Written by Jonathan Aston, West Midlands Graduate Internships, April 2010

 
 

Technology moves at a faster pace than any other industry and even universities struggle to keep up. So how can you get to grips with an industry that’s always one step ahead of education? Internships are the answer, says Jonathan Aston.

To keep up with continually evolving technology, businesses are demanding a much broader skill set from IT graduates than ever before. According to Silicon.com, some of the UK’s top IT chiefs have raised serious questions about whether IT graduates are leaving university with the technical competencies and business skills that employers really need.

Photo: Man sat at a computer

 

Gavin Megnauth, director of operations and group IT at Morgan Hunt, told Silicon.com: ‘It has been a fast-moving era for our industry and, understandably, IT academia has not been able to keep pace to deliver us graduates who can hit the ground running and embrace real-world IT without losing some of the dated rules of IT that they've been taught.’

Developing skills

One of the main problems for graduates, according to Neil Hammond, head of IT at British Sugar, is that they don’t have enough practical skills outside of IT: ‘It's surprisingly hard to find graduates who have a combination of the technical skills and the right soft skills.

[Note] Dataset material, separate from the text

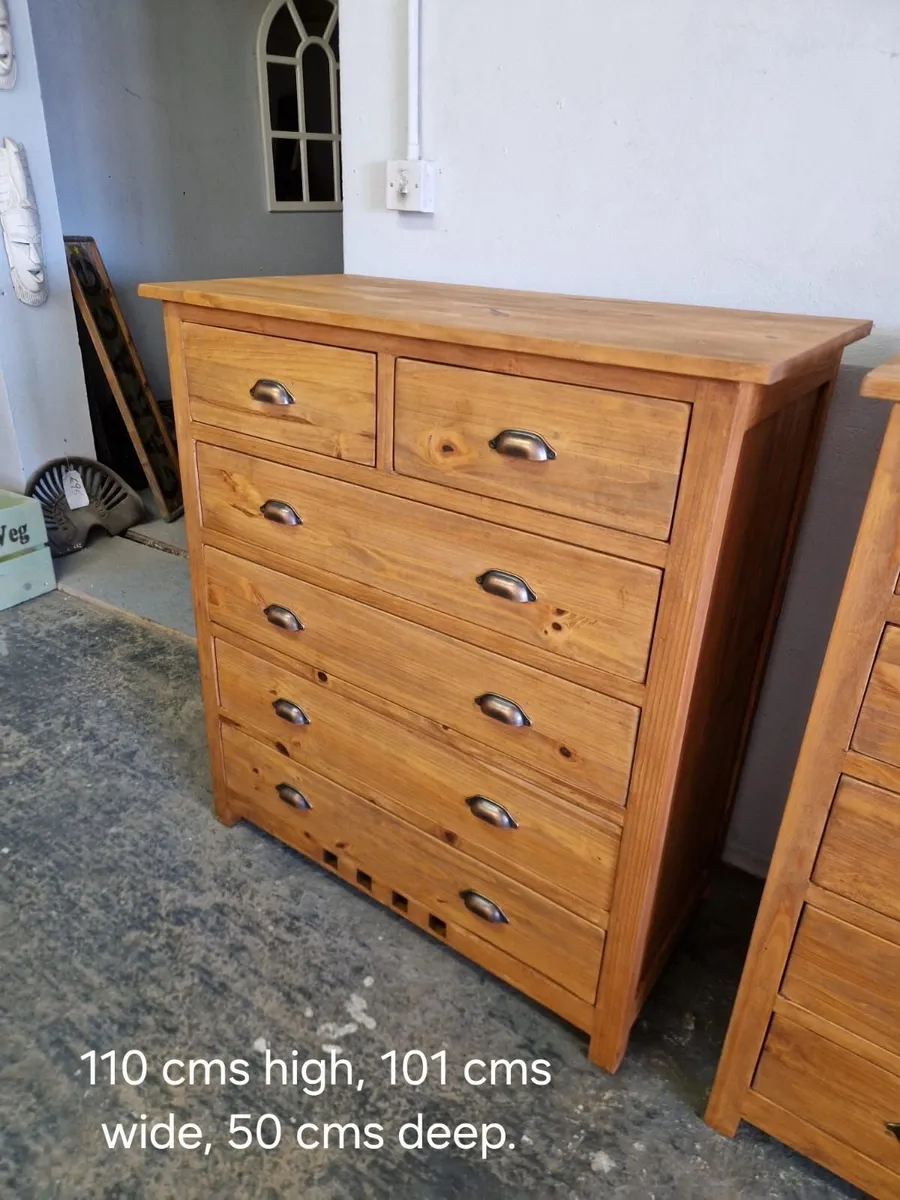 Shaker style pine chest of drawers - Image 2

Broadly speaking, the role of staff in our IT department is to work with the business to deliver the systems that the business requires. So when looking for IT graduates, we are looking for technical, leadership and collaboration skills.’

With this in mind, many graduates are turning to internships as a way of gaining useful experience and building contacts.

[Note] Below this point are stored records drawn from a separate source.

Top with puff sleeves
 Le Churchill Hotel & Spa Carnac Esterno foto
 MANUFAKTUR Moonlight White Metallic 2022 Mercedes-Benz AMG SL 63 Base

Recent IT graduate Thom Baker landed an internship with West Midlands Graduate Internships (WMGI) at Air and Ground Aviation Ltd as a member of the IT support staff. ‘I’m very pleased with what I’ve achieved in a short timescale. I have learnt to use, produce, and work on new software programmes and my organisational skills are really developing.’

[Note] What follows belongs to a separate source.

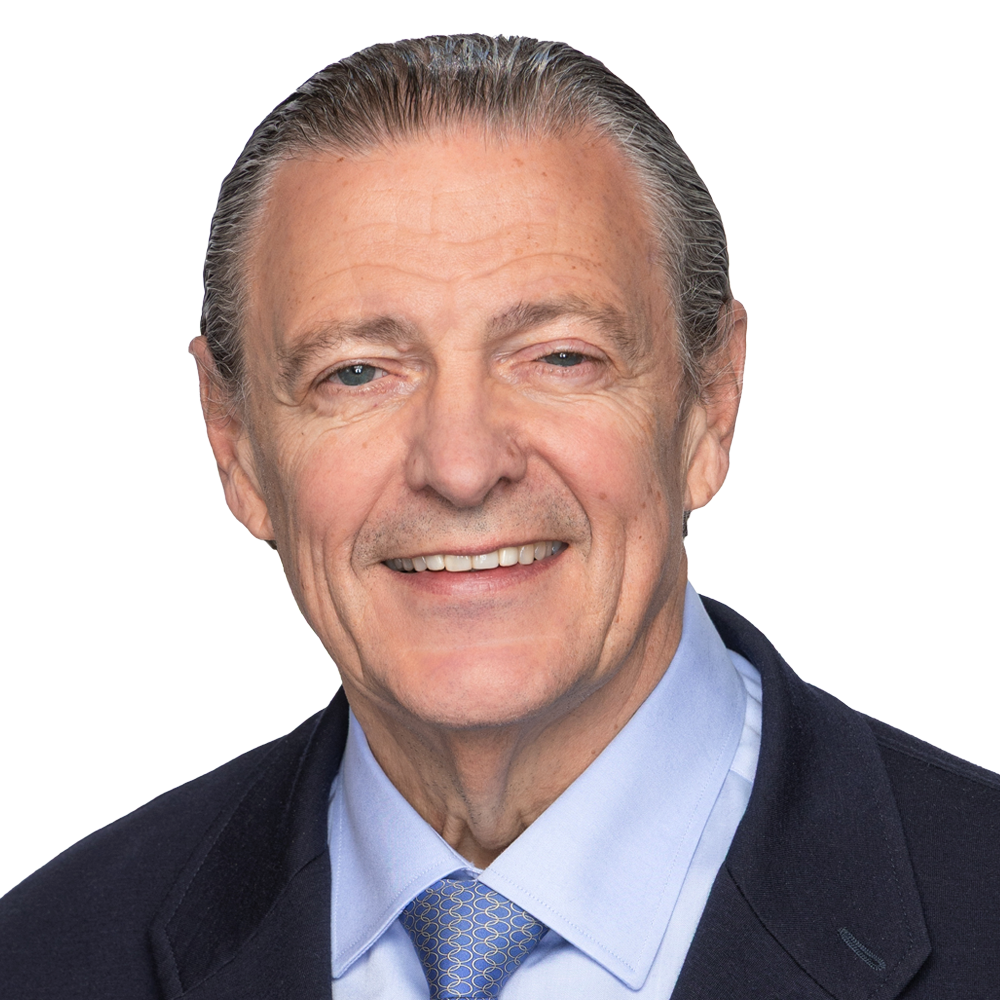 Headshot of Richard Carrión.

The WMGI, who provide IT internships in the West Midlands, say that many graduates are beginning to see the value in internships.

‘Internships are all about opportunity. It’s the opportunity to learn vital, on-the-job skills. It’s the chance to make important contacts in the industry. It helps counter the difficulties of recession where so many businesses simply are not recruiting. And it gives graduates the ability to stand out from the crowd in a way that the normal recruitment process does not allow,’ says Joy Stefanicki, project manager at WMGI.